Diagnostic Accuracy of Artificial Intelligence-Assisted Radiology in Detecting Pulmonary Nodules on Chest CT: A Narrative Review
DOI:
https://doi.org/10.64252/kqrfxm88Keywords:
Artificial intelligence; Deep learning; Pulmonary nodules; Chest CT; Lung cancer screening; Diagnostic accuracy.Abstract
Background- Lung cancer has consistently been the world leader in cancer mortality, and screening has significantly reduced mortality with early detection. Even so, routine radiologic interpretation of low-dose computed tomography (LDCT) scans was met with challenges of high false positives, reader fatigue, and difficulty in detecting non-palpable pulmonary nodules. Artificial intelligence (AI), or rather deep learning algorithms, has been proposed as a potential adjunctive strategy in enhancing diagnostic accuracy in the detection of pulmonary nodules.
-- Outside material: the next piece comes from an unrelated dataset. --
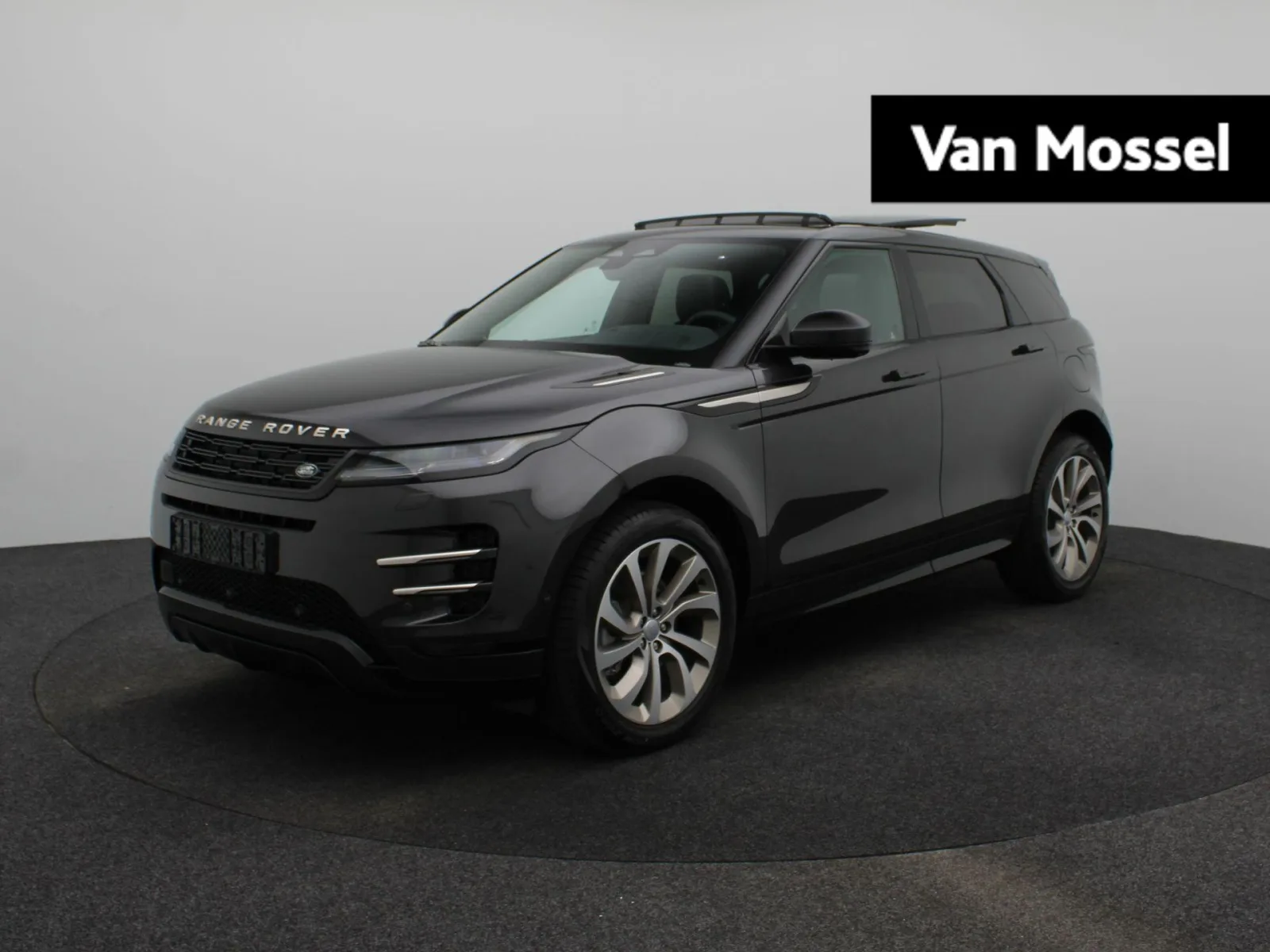 Land Rover Range Rover Evoque (2026) — foto 1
Methods- A narrative review was initiated to assess the diagnostic accuracy of AI-based radiology systems to identify pulmonary nodules on chest CT scans. Ten recent peer-reviewed clinical papers published in the last decade were included. Demographic and methodological details, specifications of the AI system, and diagnostic accuracy metrics such as sensitivity, specificity, false-positive rates, and inter-observer variability were extracted. Quantitative findings and qualitative data were synthesized narratively.
Results- AI-aided radiological interpretation showed consistently better sensitivity than traditional radiologist-alone interpretation, with gains of 6% to over 30% between studies. Detection sensitivity for small, subtle, and subsolid nodules improved markedly, often to about 90–99% sensitivity with AI aid compared with about 52–65% without AI. Specificity varied more between studies, tending to fall modestly by about 4–6% as a result of better false-positive detection. Qualitative feedback showed less reading time, better inter-observer agreement, and improved diagnostic confidence in radiologists employing AI systems. Overall radiologist fatigue was decreased with AI integration and encouraged consistency of difficult case interpretation, especially in less experienced readers.
Conclusion- AI-aided radiology greatly enhanced sensitivity for pulmonary nodule detection on chest CT, particularly for subtle lesions, but with little variation in specificity. AI systems enabled greater diagnostic uniformity and shorter reading times. Clinical application in the future would involve sensitive and specific balancing to avoid false positives.